In October, Chiariello competed at the Aura Cup in Zagreb, where she won the silver medal in ball behind Ketevan Arbolishvili. This was the first medal won by a Swiss gymnast at an international tournament sanctioned by the International Gymnastics Federation.

=== 2022 season ===
Chiariello competed at her first European Championships in June. She performed all four routines without dropping her apparatus, but she did not reach the all-around final. She placed 36th, the best result for an individual Swiss gymnast in over 20 years. Although she suffered from pain due to a stress fracture in her foot - estimated by a physician to be her third or fourth - she continued to train. The fracture was caused by training on hard floors rather than sprung ones.

She was selected to compete at the World Championships in Sofia, Bulgaria, in October. It was the first time a Swiss individual rhythmic gymnast would be competing at the World Championships since 1991. Chiariello said that she was pleased to able to compete there, though she also noted that most of her competitors there had more favorable training circumstances. She estimated that they generally trained about fifteen hours per week more than her and in turn spent less time at school, and she mentioned the continuing issue with the lack of training halls with high ceilings and sprung floors as a problem that was both causing health issues for Swiss gymnasts and holding them back technically compared to their competitors in other countries. At the Championships, she performed cleanly with hoop and ball but dropped her apparatus in her clubs exercise. She did not qualify for the all-around final, but she said that she was satisfied with her performance.

=== 2023 season ===
Chiariello did not compete in 2023 due to her foot injury.

=== 2024 season ===
In April 2024, she returned to competition by entering the Unity Cup in Poland. There, she won the gold medal in the all-around. In early June, she competed at the Swiss National Championships and placed fifth in the all-around. Later in June, she competed at the Grand Prix stage in Brno, where she finished in 18th place in the all-around.

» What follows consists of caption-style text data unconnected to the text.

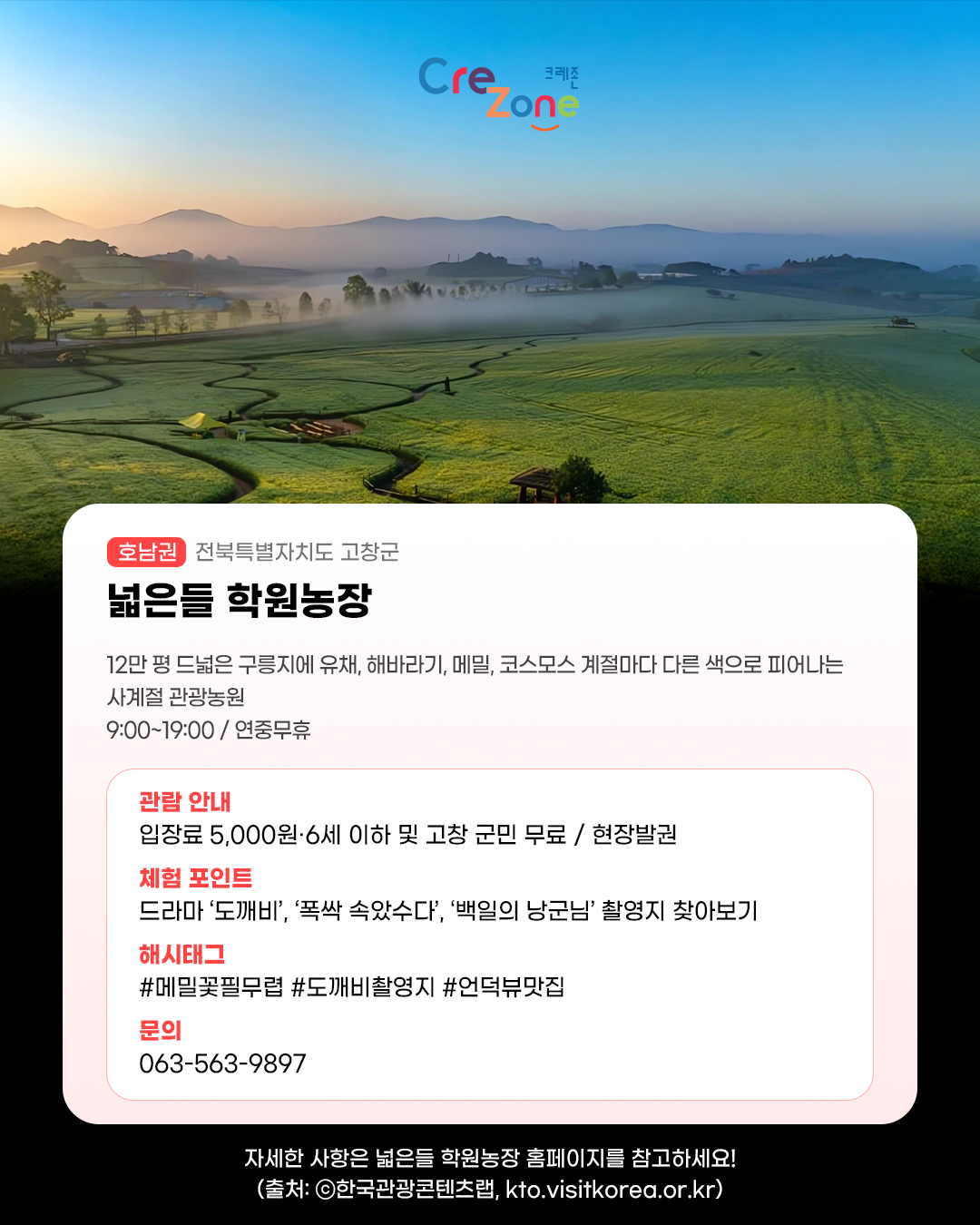크레존 로고
넓은들 학원농장 - (호남권) 전북특별자치도 고창군
12만 평 드넓은 구릉지에 유채, 해바라기, 메밀, 코스모스 계절마다 다른 색으로 피어나는 사계절 관광농원
09:00~19:00 / 연중무휴

관람안내: 입장료 5,000원·6세 이하 및 고창 군민 무료 / 현장발권
체험포인트: 드라마 ‘도깨비’, ‘폭싹 속았수다’, ‘백일의 낭군님’ 촬영지 찾아보기
해시태그: #메밀꽃필무렵 #도깨비촬영지 #언덕뷰맛집
문의: 063-563-9897

자세한 사항은 넓은들 학원농장 홈페이지를 참고하세요! (출처: ⓒ한국관광콘텐츠랩, kto.visitkorea.or.kr)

Chiariello was elected to a new athletes' commission for the Swiss Gymnastics Federation in December as the representative for rhythmic gymnastics.

=== 2025 season ===
In March, Chiariello competed at the Aphrodite Cup in Athens. Despite dropping her apparatus in three of her four routines, she placed the best of the Swiss gymnasts in the all-around and finished in 21st. Chiariello said, "The last few months have been a challenge, but this result shows that the hard work has paid off." The event was one of two used to select the competitors for the 2025 European Championships. The second selection event was the MTM Tournament in Ljubljana, held in April. Chiariello scored less than half a point less than her sister, Sophia Carlotta, though she did not compete for a ranking. It was announced afterward that Chiariello, along with Lauren Grüniger, had been selected to compete at the European Championships.

Later in April, she competed at the World Cup in Baku along with her sister. In the all-around, Chiariello ranked just ahead of her sister in 38th place.

At the European Championships in June, she ranked 39th in the all-around qualifications.